▶ _ASSIGNED TASK_
Quote word for word from the line holding "Used 2021 Chevrolet" to the last line below, including both, and omit any pictures.

▶ _LISTED RECORDS_
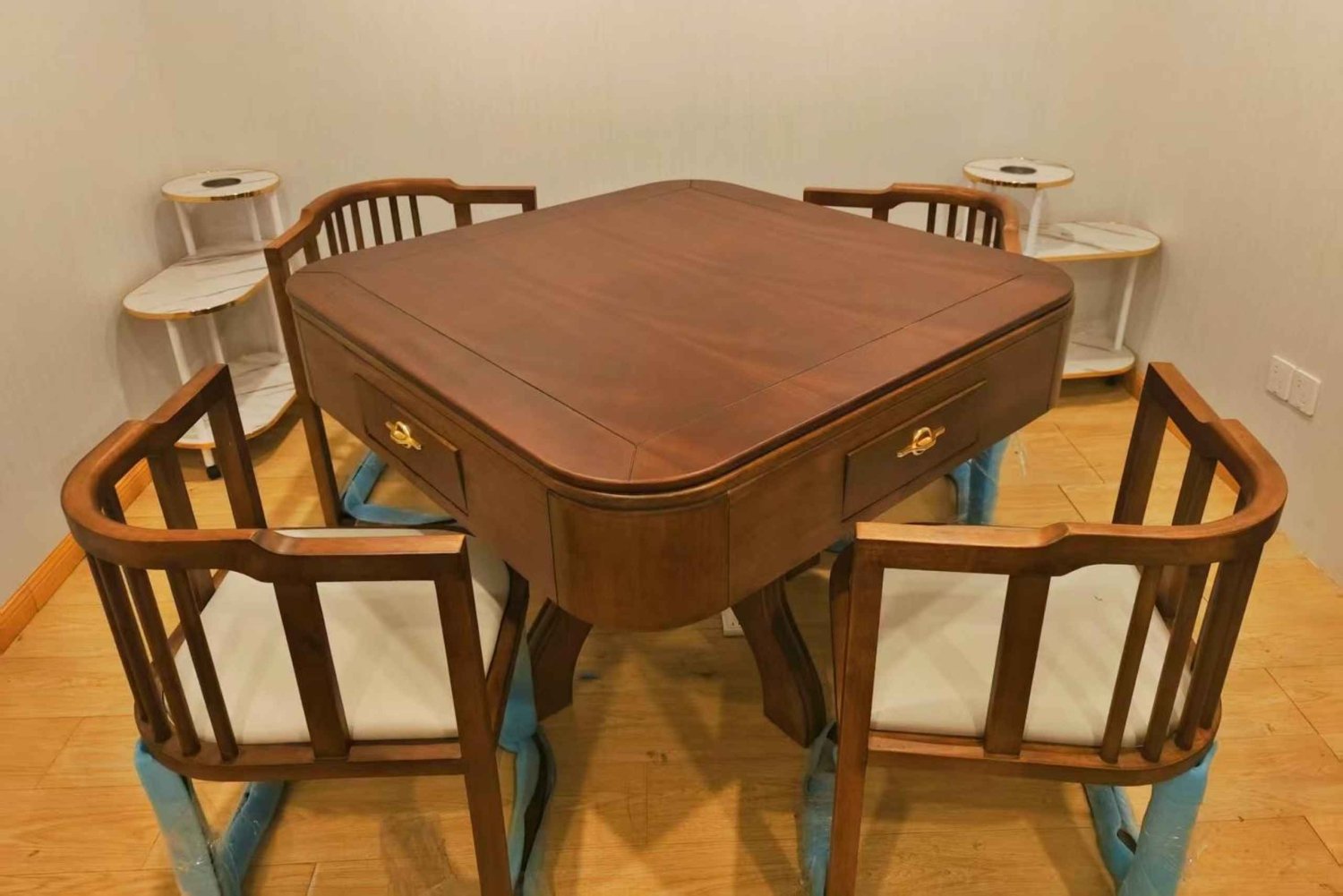 Shanghai Mahjong Experience: Discover Art of Chinese Mahjong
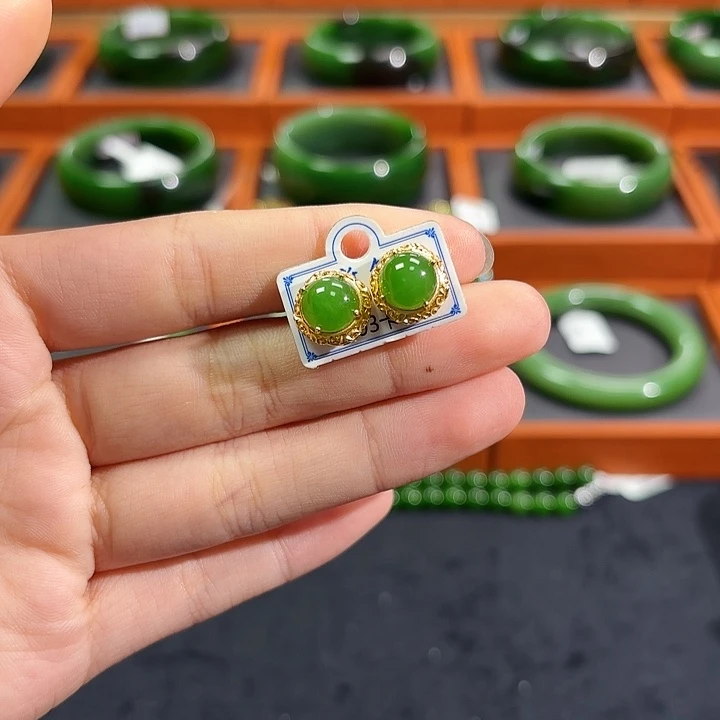 和田玉未镶嵌耳饰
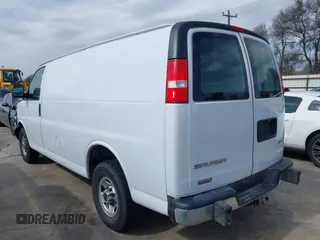 2019 GMC Savana Cargo with VIN 1GTW7AFGXK1220517, listed as a IAAI auction lot 41547025 with 131,264 mi miles. Bid and sale history available at carsss.com. Image 3.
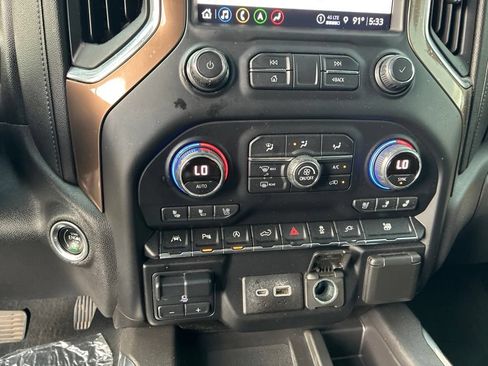 Used 2021 Chevrolet Silverado 1500 High Country w/ Technology Package AWD/4WD image 31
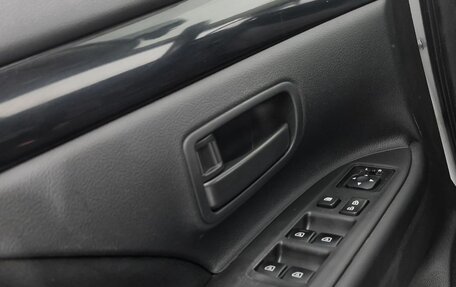 Mitsubishi Outlander III рестайлинг 3, 2019 год, 1 849 000 рублей, 15 фотография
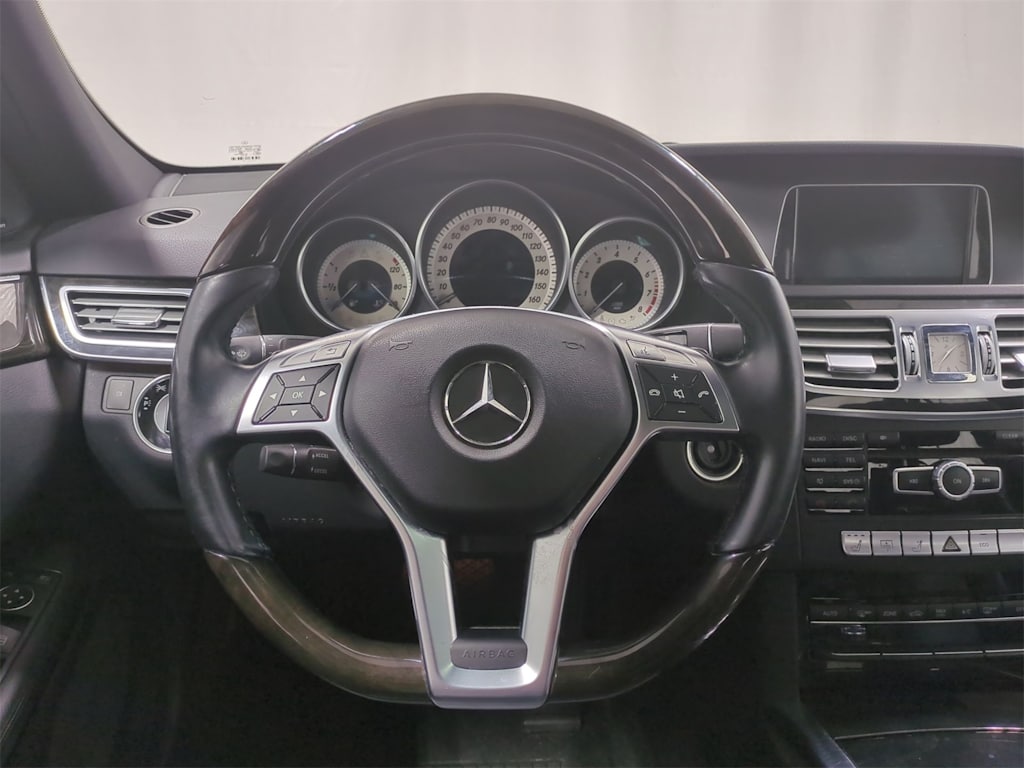 Thumbnail: 2014 Mercedes-Benz E-Class - 14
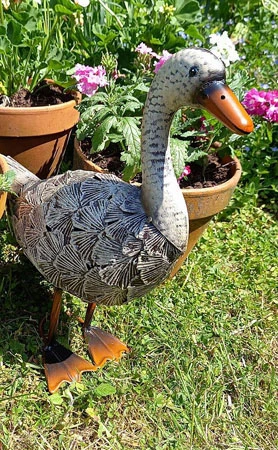 Gracie The Goose Garden Ornament, Cream Painted Metal, 51cm 5 Gracie The Goose Garden Ornament, Cream Painted Metal, 51cm - Image 3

▶ _WRITTEN SOLUTION_
 Used 2021 Chevrolet Silverado 1500 High Country w/ Technology Package AWD/4WD image 31
 Mitsubishi Outlander III рестайлинг 3, 2019 год, 1 849 000 рублей, 15 фотография
 Thumbnail: 2014 Mercedes-Benz E-Class - 14
 Gracie The Goose Garden Ornament, Cream Painted Metal, 51cm 5 Gracie The Goose Garden Ornament, Cream Painted Metal, 51cm - Image 3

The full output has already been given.